Household energy bills could rise by more than £600 a year within six years to help power companies keep the lights on, the consumer group Which? has claimed.
The watchdog has written privately to the Treasury before next week’s Budget to warn of rising costs.
The group predicted that energy companies would need to spend £118 billion on new infrastructure between now and 2020.
This would include building power stations, replacing grids and erecting wind farms as part of a drive to sustain the power supply and cut down on carbon emissions.
Which? believes this cost will inevitably be passed on to consumers, adding the equivalent of £640 a year to household bills.
This would mean that the average bill would reach almost £2,000 a year, even if wholesale costs of gas and electricity remained stable.
In December 2013, the Treasury released estimates of planned infrastructure investments up to 2020 and beyond.

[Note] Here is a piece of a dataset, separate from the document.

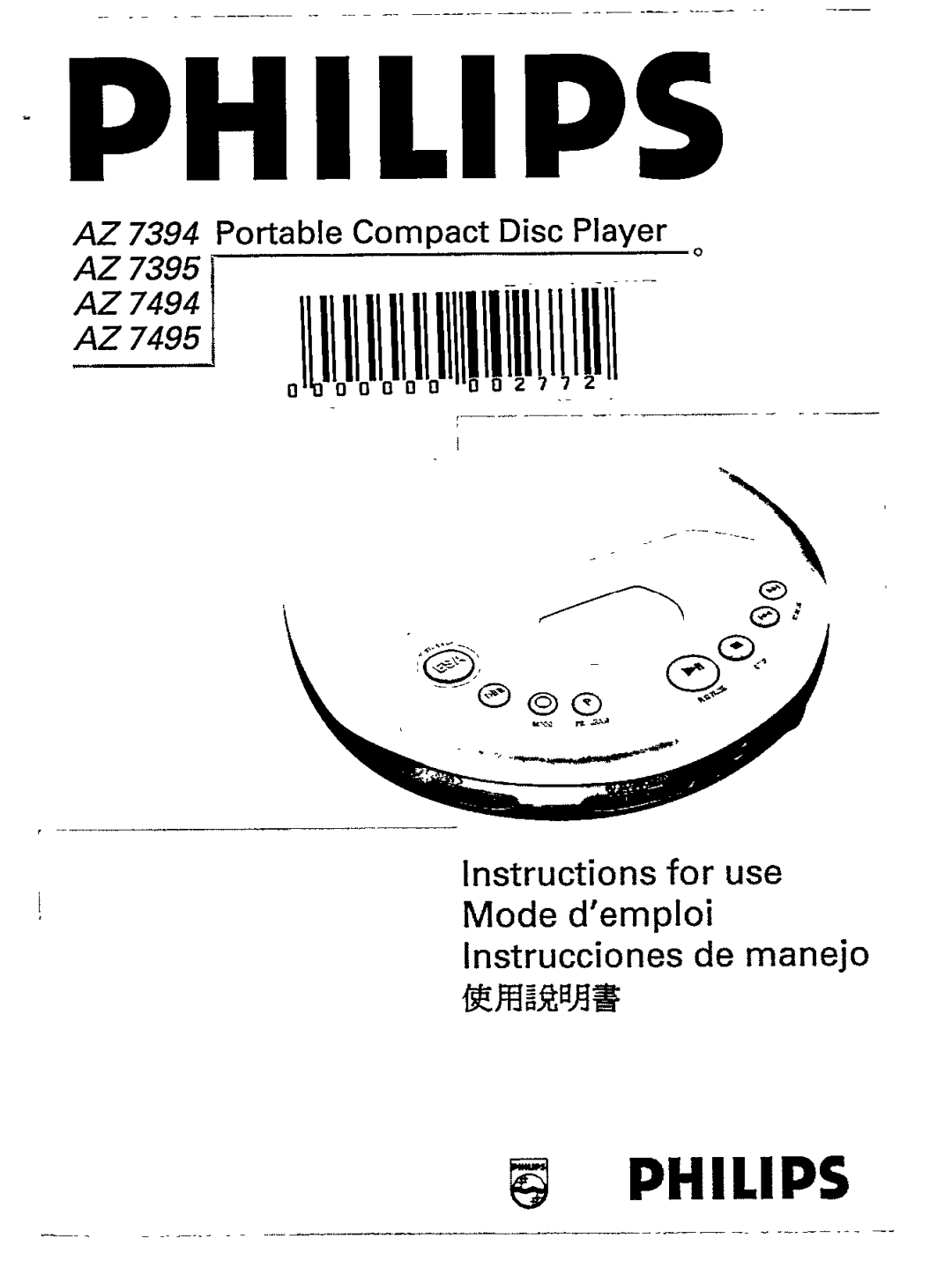 Philips AZ 7395, AZ 7495, AZ 7394, AZ7494/00 manual 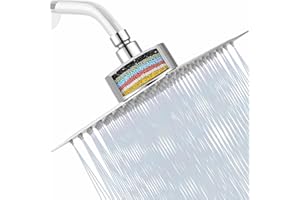Katezon Filtered Shower Head, High Pressure Showerhead with Filter for Hard Water Remove Chlorine and Harmful Substances, 25 cm Square Rainfall Shower Head (Chrome)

As a result Which? has written to the Government demanding action.
The group is campaigning for a market investigation to find out if consumers are paying a fair price for energy.
Richard Lloyd, the executive director of Which?, told Sky News: “I don’t think consumers know that this is heading their way and that the decision has already been made by the government.
“This means one thing, that household bills are set to rise, and to rise for many people very steeply for the foreseeable future.”
The issue of rising energy bills has become a crucial one for political parties.
In the past three years, the Big Six power companies have increased prices by more than a third.
Ed Miliband promised last year to freeze costs to households for two years if Labour wins the next election.
George Osborne, the Chancellor, responded in his Autumn Statement by reducing green levies on power companies to knock £50 off the average bill.